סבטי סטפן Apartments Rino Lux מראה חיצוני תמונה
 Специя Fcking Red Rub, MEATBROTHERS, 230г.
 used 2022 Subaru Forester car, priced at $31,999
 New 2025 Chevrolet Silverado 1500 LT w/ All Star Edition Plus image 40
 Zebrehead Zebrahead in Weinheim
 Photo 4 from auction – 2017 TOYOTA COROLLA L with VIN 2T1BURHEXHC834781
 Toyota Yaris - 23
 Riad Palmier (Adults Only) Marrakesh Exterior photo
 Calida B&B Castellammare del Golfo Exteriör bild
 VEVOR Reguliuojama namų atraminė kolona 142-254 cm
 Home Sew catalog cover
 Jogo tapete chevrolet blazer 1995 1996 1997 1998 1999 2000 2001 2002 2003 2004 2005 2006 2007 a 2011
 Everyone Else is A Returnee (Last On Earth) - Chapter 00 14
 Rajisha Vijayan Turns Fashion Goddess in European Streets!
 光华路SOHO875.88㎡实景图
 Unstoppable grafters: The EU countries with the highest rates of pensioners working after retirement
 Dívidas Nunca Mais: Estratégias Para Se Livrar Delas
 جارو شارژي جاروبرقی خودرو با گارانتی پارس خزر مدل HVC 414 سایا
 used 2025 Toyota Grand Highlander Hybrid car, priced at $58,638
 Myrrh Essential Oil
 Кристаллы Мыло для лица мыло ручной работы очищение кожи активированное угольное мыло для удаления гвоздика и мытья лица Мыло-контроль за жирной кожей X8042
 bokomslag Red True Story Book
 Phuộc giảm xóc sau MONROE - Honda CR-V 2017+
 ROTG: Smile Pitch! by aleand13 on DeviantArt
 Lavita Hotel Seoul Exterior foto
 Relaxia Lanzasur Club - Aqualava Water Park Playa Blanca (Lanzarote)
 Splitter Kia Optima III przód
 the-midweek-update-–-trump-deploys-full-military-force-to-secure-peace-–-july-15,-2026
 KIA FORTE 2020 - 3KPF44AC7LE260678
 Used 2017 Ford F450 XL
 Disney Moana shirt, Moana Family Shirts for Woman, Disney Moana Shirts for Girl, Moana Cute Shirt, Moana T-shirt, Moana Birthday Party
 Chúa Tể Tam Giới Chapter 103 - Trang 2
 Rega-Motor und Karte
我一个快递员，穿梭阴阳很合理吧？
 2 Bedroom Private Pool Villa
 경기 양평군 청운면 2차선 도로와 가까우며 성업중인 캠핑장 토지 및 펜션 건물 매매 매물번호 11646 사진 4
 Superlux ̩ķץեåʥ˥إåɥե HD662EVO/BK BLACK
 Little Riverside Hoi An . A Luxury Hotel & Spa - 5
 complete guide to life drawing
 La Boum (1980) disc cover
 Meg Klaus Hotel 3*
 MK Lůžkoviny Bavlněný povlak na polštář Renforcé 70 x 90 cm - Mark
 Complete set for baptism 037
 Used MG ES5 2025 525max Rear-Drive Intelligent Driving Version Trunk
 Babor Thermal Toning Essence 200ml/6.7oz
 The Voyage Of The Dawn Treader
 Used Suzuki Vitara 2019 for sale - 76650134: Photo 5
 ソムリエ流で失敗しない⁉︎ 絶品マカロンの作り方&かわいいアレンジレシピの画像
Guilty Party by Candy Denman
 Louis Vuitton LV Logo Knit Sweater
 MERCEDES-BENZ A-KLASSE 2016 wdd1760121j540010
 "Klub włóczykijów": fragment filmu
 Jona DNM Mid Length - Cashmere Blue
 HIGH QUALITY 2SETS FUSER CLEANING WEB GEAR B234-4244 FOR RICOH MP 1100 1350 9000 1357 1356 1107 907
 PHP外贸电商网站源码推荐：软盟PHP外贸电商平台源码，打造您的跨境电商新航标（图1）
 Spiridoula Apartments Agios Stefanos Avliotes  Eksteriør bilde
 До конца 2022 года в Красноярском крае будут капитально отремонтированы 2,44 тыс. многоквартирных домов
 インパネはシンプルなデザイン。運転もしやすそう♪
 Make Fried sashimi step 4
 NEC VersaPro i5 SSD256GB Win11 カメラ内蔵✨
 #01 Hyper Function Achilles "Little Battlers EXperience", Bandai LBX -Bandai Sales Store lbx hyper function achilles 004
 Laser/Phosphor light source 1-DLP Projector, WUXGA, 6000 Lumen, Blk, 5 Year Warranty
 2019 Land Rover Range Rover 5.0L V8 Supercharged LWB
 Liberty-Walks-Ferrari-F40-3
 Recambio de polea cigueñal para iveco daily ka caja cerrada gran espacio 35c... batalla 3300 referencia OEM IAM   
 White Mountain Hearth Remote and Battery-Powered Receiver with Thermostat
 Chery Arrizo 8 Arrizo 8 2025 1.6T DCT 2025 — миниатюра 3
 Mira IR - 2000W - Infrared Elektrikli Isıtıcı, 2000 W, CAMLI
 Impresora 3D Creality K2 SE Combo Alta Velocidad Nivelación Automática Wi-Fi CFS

▶ Aim of the exercise: Could you copy the listing above word for word?

▶ Reply to the task:
סבטי סטפן Apartments Rino Lux מראה חיצוני תמונה
 Специя Fcking Red Rub, MEATBROTHERS, 230г.
 used 2022 Subaru Forester car, priced at $31,999
 New 2025 Chevrolet Silverado 1500 LT w/ All Star Edition Plus image 40
 Zebrehead Zebrahead in Weinheim
 Photo 4 from auction – 2017 TOYOTA COROLLA L with VIN 2T1BURHEXHC834781
 Toyota Yaris - 23
 Riad Palmier (Adults Only) Marrakesh Exterior photo
 Calida B&B Castellammare del Golfo Exteriör bild
 VEVOR Reguliuojama namų atraminė kolona 142-254 cm
 Home Sew catalog cover
 Jogo tapete chevrolet blazer 1995 1996 1997 1998 1999 2000 2001 2002 2003 2004 2005 2006 2007 a 2011
 Everyone Else is A Returnee (Last On Earth) - Chapter 00 14
 Rajisha Vijayan Turns Fashion Goddess in European Streets!
 光华路SOHO875.88㎡实景图
 Unstoppable grafters: The EU countries with the highest rates of pensioners working after retirement
 Dívidas Nunca Mais: Estratégias Para Se Livrar Delas
 جارو شارژي جاروبرقی خودرو با گارانتی پارس خزر مدل HVC 414 سایا
 used 2025 Toyota Grand Highlander Hybrid car, priced at $58,638
 Myrrh Essential Oil
 Кристаллы Мыло для лица мыло ручной работы очищение кожи активированное угольное мыло для удаления гвоздика и мытья лица Мыло-контроль за жирной кожей X8042
 bokomslag Red True Story Book
 Phuộc giảm xóc sau MONROE - Honda CR-V 2017+
 ROTG: Smile Pitch! by aleand13 on DeviantArt
 Lavita Hotel Seoul Exterior foto
 Relaxia Lanzasur Club - Aqualava Water Park Playa Blanca (Lanzarote)
 Splitter Kia Optima III przód
 the-midweek-update-–-trump-deploys-full-military-force-to-secure-peace-–-july-15,-2026
 KIA FORTE 2020 - 3KPF44AC7LE260678
 Used 2017 Ford F450 XL
 Disney Moana shirt, Moana Family Shirts for Woman, Disney Moana Shirts for Girl, Moana Cute Shirt, Moana T-shirt, Moana Birthday Party
 Chúa Tể Tam Giới Chapter 103 - Trang 2
 Rega-Motor und Karte
我一个快递员，穿梭阴阳很合理吧？
 2 Bedroom Private Pool Villa
 경기 양평군 청운면 2차선 도로와 가까우며 성업중인 캠핑장 토지 및 펜션 건물 매매 매물번호 11646 사진 4
 Superlux ̩ķץեåʥ˥إåɥե HD662EVO/BK BLACK
 Little Riverside Hoi An . A Luxury Hotel & Spa - 5
 complete guide to life drawing
 La Boum (1980) disc cover
 Meg Klaus Hotel 3*
 MK Lůžkoviny Bavlněný povlak na polštář Renforcé 70 x 90 cm - Mark
 Complete set for baptism 037
 Used MG ES5 2025 525max Rear-Drive Intelligent Driving Version Trunk
 Babor Thermal Toning Essence 200ml/6.7oz
 The Voyage Of The Dawn Treader
 Used Suzuki Vitara 2019 for sale - 76650134: Photo 5
 ソムリエ流で失敗しない⁉︎ 絶品マカロンの作り方&かわいいアレンジレシピの画像
Guilty Party by Candy Denman
 Louis Vuitton LV Logo Knit Sweater
 MERCEDES-BENZ A-KLASSE 2016 wdd1760121j540010
 "Klub włóczykijów": fragment filmu
 Jona DNM Mid Length - Cashmere Blue
 HIGH QUALITY 2SETS FUSER CLEANING WEB GEAR B234-4244 FOR RICOH MP 1100 1350 9000 1357 1356 1107 907
 PHP外贸电商网站源码推荐：软盟PHP外贸电商平台源码，打造您的跨境电商新航标（图1）
 Spiridoula Apartments Agios Stefanos Avliotes  Eksteriør bilde
 До конца 2022 года в Красноярском крае будут капитально отремонтированы 2,44 тыс. многоквартирных домов
 インパネはシンプルなデザイン。運転もしやすそう♪
 Make Fried sashimi step 4
 NEC VersaPro i5 SSD256GB Win11 カメラ内蔵✨
 #01 Hyper Function Achilles "Little Battlers EXperience", Bandai LBX -Bandai Sales Store lbx hyper function achilles 004
 Laser/Phosphor light source 1-DLP Projector, WUXGA, 6000 Lumen, Blk, 5 Year Warranty
 2019 Land Rover Range Rover 5.0L V8 Supercharged LWB
 Liberty-Walks-Ferrari-F40-3
 Recambio de polea cigueñal para iveco daily ka caja cerrada gran espacio 35c... batalla 3300 referencia OEM IAM   
 White Mountain Hearth Remote and Battery-Powered Receiver with Thermostat
 Chery Arrizo 8 Arrizo 8 2025 1.6T DCT 2025 — миниатюра 3
 Mira IR - 2000W - Infrared Elektrikli Isıtıcı, 2000 W, CAMLI
 Impresora 3D Creality K2 SE Combo Alta Velocidad Nivelación Automática Wi-Fi CFS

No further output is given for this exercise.